The tax hike law (Law 45), which was published in the Official Gazette on 21 August 2017, stipulates increases in 20 tax revenue streams, with the most prominent being the VAT increase to 11%, a 7% tax on interest revenues from bank deposits (up from 5%), and several increases in stamps and public fees (like doubling the fees of public notaries). The law was approved by Parliament last July despite several protests held throughout the year, and was signed by President Michel Aoun on 21 August 2017, together with the public sector pay rises one. In fact, the new tax hikes were explicitly linked to the financing of the new salary scale for public sector workers. It is estimated that the new public wage bill will cost an additional 1 billion US$ per year, while the new taxes would generate an estimated 1.1 billion US$. Yet several economists and local experts argued against tying new taxes to the wage hike, demanding instead that all new public expenditures and revenues be enacted through the central government’s budget, which is yet to be finalized and voted upon by Parliament. With elections theoretically set for May 2018, the ruling parties felt the need to increase public wages swiftly to rally voters, and resorted to a pool of indirect taxes that can be quickly collected in order to limit the public deficit.
The new tax increases are expected to severely affect consumers’ purchasing power and erode their income. The majority of these taxes affect the costs of goods and services, and companies are expected to increase their prices between 10 and 15% to absorb the higher costs of doing business. Despite many government officials expressing assurances that prices will not increase, given that many consumer products like basic foods are already exempt from VAT, they ignored the fact that VAT and public fees increases will affect the costs of procurement, transportation, and other company business operations, which will ultimately lead to most businesses shifting the burden of these new taxes on to the consumers.
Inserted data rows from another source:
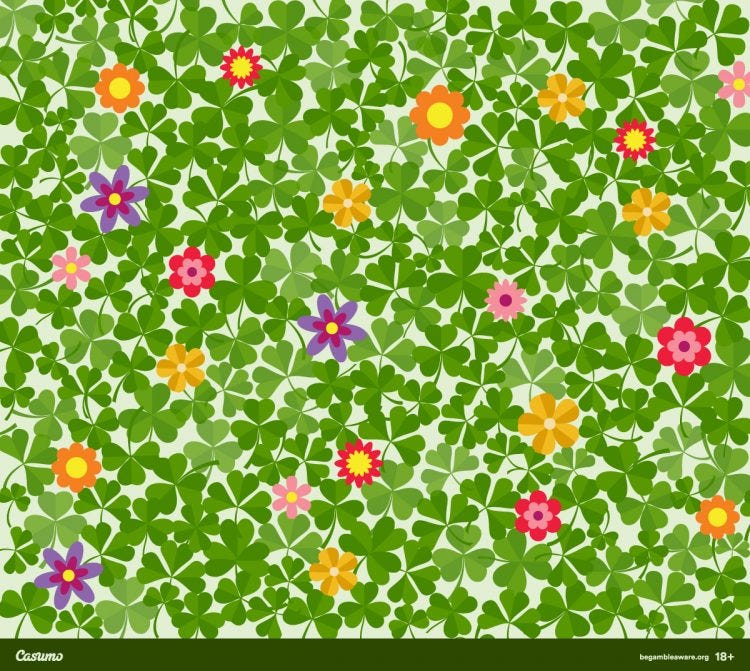 Brain Teaser: Spot The Four-Leaf Clover In This Tricky Puzzle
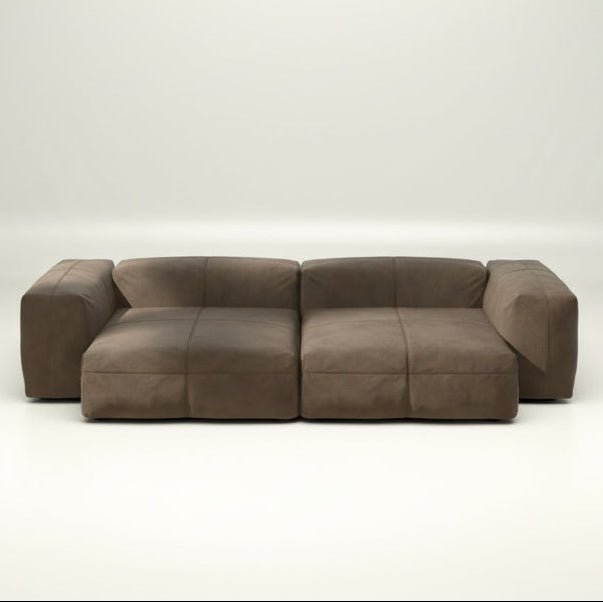 Vetsak - Modulares Sofa SET 02 - vetsak-modulsofa-set02-Leather-Cacao-XL | Homestorys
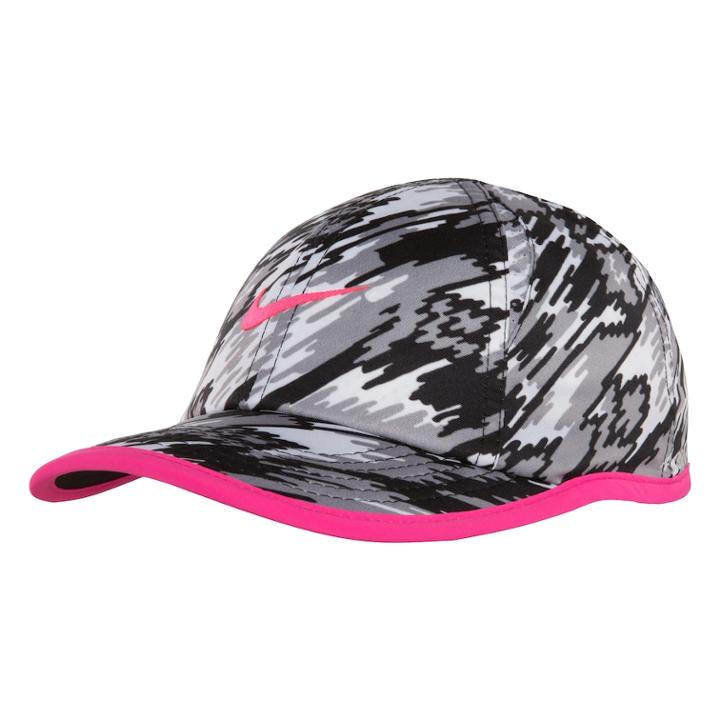 Toddler Girl Nike Featherlight Hat Baseball Cap, Black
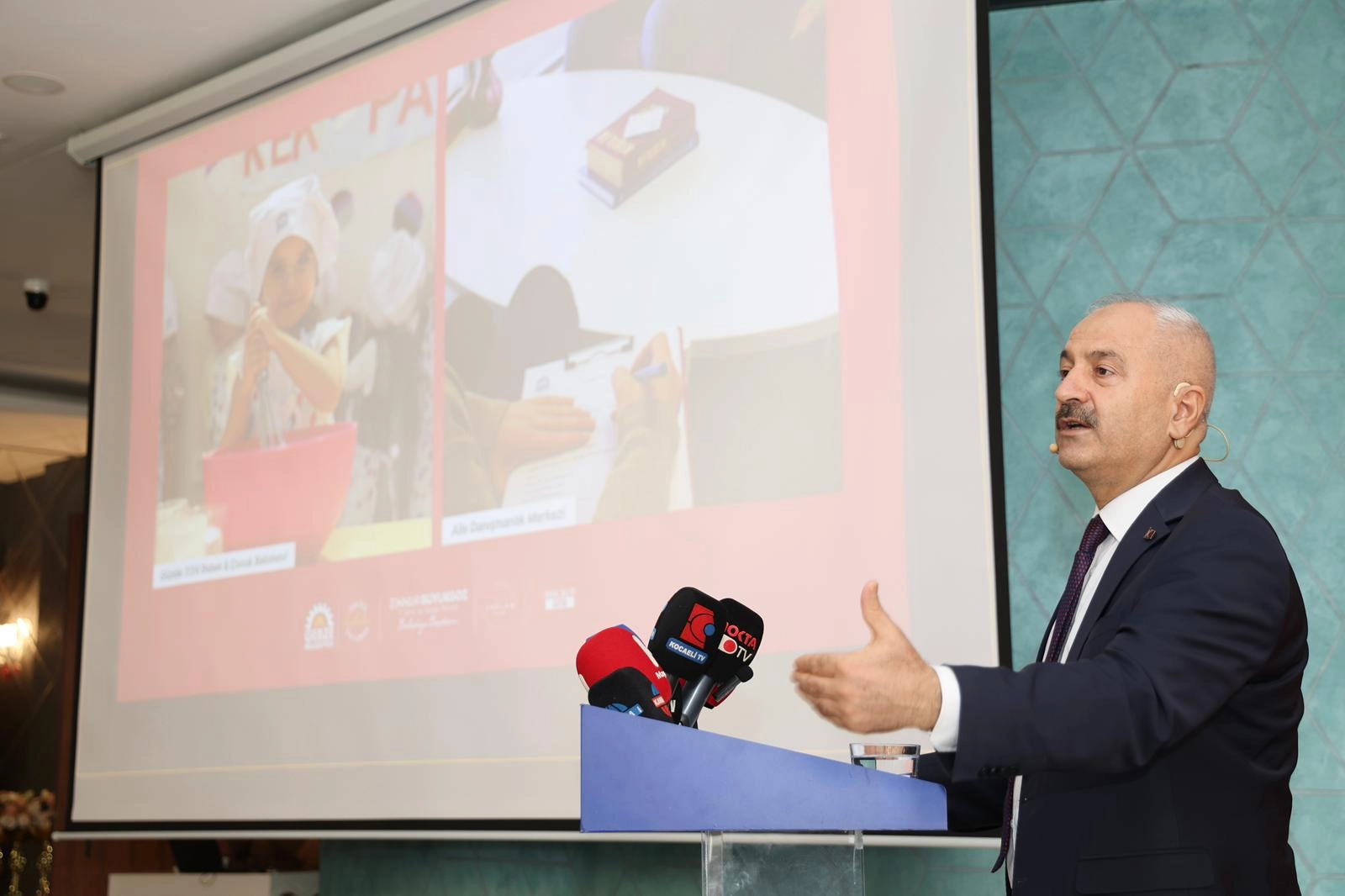 Gebze Belediye Başkanı Büyükgöz bölge basınıyla buluştu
The new tax hike law has been recently challenged by 10 MPs, who submitted on Wednesday 31 August an appeal to the Constitutional Council, with the aim to suspend the law until the Council issues its verdict as to whether its articles abide by the Lebanese Constitution. The signatories of the appeal include Samy Gemayel, Nadim Gemayel, Samer Saade, Elie Marouni and Fady Haber (from the Kataeb Party), in addition to Dory Chammoun, Fouad Al-Saad, Salim Karam, Khaled Daher and Boutros Harb. The Council might reject the appeal, and if it does then the law can no longer be officially challenged and the new taxes will remain in effect.